The latest in cancer prevention, diagnosis & treatment.
On Feb. 22, Kadcyla (ado-trastuzumab emtansine or T-DM1) was approved by the Food and Drug Administration (FDA) to treat patients with metastatic, HER2-positive breast cancer. An antibody-drug conjugate, Kadcyla fuses the chemotherapy drug emtansine to the antibody Herceptin (trastuzumab) to target HER2 receptors on cancer cells. The approval was based on results from the phase 3 EMILIA trial, which enrolled 991 patients who had previously been treated with Herceptin and a taxane-based chemotherapy. Patients were randomly assigned to either receive Kadcyla or the current standard—a combination of Xeloda (capecitabine) and Tykerb (lapatinib). Those in the Kadcyla arm had a median overall survival of 30.9 months compared with 25.1 months for those in the combination arm.

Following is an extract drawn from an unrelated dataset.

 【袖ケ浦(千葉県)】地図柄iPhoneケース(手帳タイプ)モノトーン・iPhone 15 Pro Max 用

Side effects included low platelet count, vomiting, diarrhea and hand-foot syndrome. For details, visit kadcyla.com or call 877-436-3683.

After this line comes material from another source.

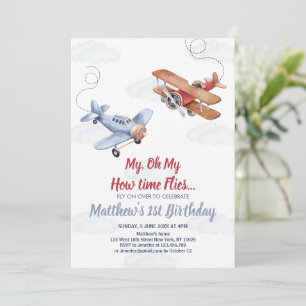 Invitation Aquarelle Avion Nuages Garçon 1er Anniversaire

The FDA approved Pomalyst (pomalidomide) on Feb. 8 to treat patients with multiple myeloma whose disease has progressed during or within 60 days after treatment with at least two therapies, such as Revlimid (lenalidomide) or Velcade (bortezomib).
The approval was based on a phase 2 clinical trial, in which patients received either Pomalyst and low-dose dexemethasone, a type of steroid, or Pomalyst alone. In those on Pomalyst alone, 7.4 percent had their cancer completely or partially disappear, compared with 29.2 percent for those receiving the combination. This response lasted for more than seven months in the combination arm.
Side effects included low white and red blood cell counts, fever and infections. For details, visit pomalyst.com or call 800-931-8691.
On Dec. 14, the FDA approved Iclusig (ponatinib) to treat adults with tyrosine kinase inhibitor (TKI)-resistant or intolerant Philadelphia chromosome-positive acute lymphoblastic leukemia (Ph+ ALL) and chronic myeloid leukemia in the chronic, accelerated and blast phases. Both diseases contain the mutant BCR-ABL gene, which produces the bcr-abl tyrosine kinase, a protein that signals malignant white blood cells to grow. TKIs typically deactivate these proteins, but for some patients with the mutant gene T315I, TKIs are prevented from reaching these proteins. Iclusig targets cells with the T315I mutation and thwarts other mutations that make these cells resistant to treatment with traditional TKIs.
Side effects included high blood pressure, abdominal and joint pain, rash and fatigue. Iclusig also carries a boxed warning that it can cause blood clots and liver toxicity.
For details, visit iclusig.com or call 855-552-7423.
On Nov. 29, Cometriq (cabozantinib) received FDA approval for treating patients with metastatic medullary thyroid cancer. Although an estimated 56,000 Americans received a thyroid cancer diagnosis in 2012, only about 2,240 of these cases were medullary.
The approval was based on a 330-patient trial in which those who received Cometriq lived an average of 7.2 months longer without their cancer growing than patients who received placebo. Also, 27 percent of patients on the drug saw their tumors shrink, whereas for those on the placebo, there were no tumor size reductions.
Side effects included diarrhea, mouth sores, nausea and fatigue. A boxed warning also advises that severe bleeding and holes in the colon occurred in some patients taking this drug.
For details, visit cometriq.com or call 855- 253-3273.
In 2011, the FDA approved Zytiga (abiraterone acetate) to treat men with metastatic, hormone-resistant prostate cancer after their cancer had progressed while on docetaxel. But on Dec. 10, the FDA expanded Zytiga’s indication to treat this patient population before they’ve received chemotherapy.
The approval was based on a study of 1,088 men with metastatic, hormone-resistant prostate cancer who had not previously had chemotherapy. Men taking Zytiga had a median overall survival of 35.3 months compared with 30.1 months for those taking a placebo.
Side effects included fatigue, joint swelling, diarrhea and vomiting.
For details, visit zytiga.com or call 855-998-4421.